A thud, a blinding flash: the explosion, remarkably unimpressive after the previous upheavals, shook the old submarine's hull. He was deafened momentarily by the sound of cascading water in the engine-room as the bulkhead door slammed shut on its hinges, torn from its clips. He picked himself up at the foot of the bulkhead, reached up and swung off on the quick-acting wheel, watching the dogs dig home into their sockets. Gasping for air, he fought his way upwards to the for'd door of the control-room, fell through it, grasped at the outstretched hand reaching for him.

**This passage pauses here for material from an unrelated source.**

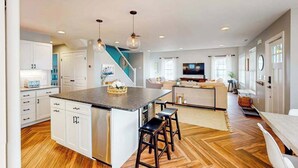 A modern kitchen with a central island, bar stools, and a staircase leading to another level. - Town of Bethany Beach designer cottage with water views, alfresco porch & AC (Bethany Beach)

As they hauled him upright and began slipping his feet into the legs of the escape suit, he half turned towards the passageway leading to the fore-ends:
'Shut bulkhead doors,' he gasped, choking from the first whiffs of the lethal gas. 'Flood up the fore-ends. Rush escape?
Chapter 25
Though midsummer was only five weeks away, his wind-cheater, fur hat and gloves did little to keep out the biting cold. Must be my age, Vice-Admiral Lincoln Jessup, Jr, thought to himself as he paced his small admiral's deck above the main conning position on Carl Vinsons's island. He needed the air after this long day, the most gruelling twenty-four hours he had endured since his appointment as commander of Carrier Striking Force, Atlantic. It was good to see his ships out there, dispersed across the horizon, on the edge of the pack-ice: the cruisers, destroyers and frigates and, jutting above the horizon-line to the north-east, the spiky topmast of the other carrier, the old lady, Constellation. His force packed a punch, but even with Constellation's contribution, his own aviators were flying round the clock.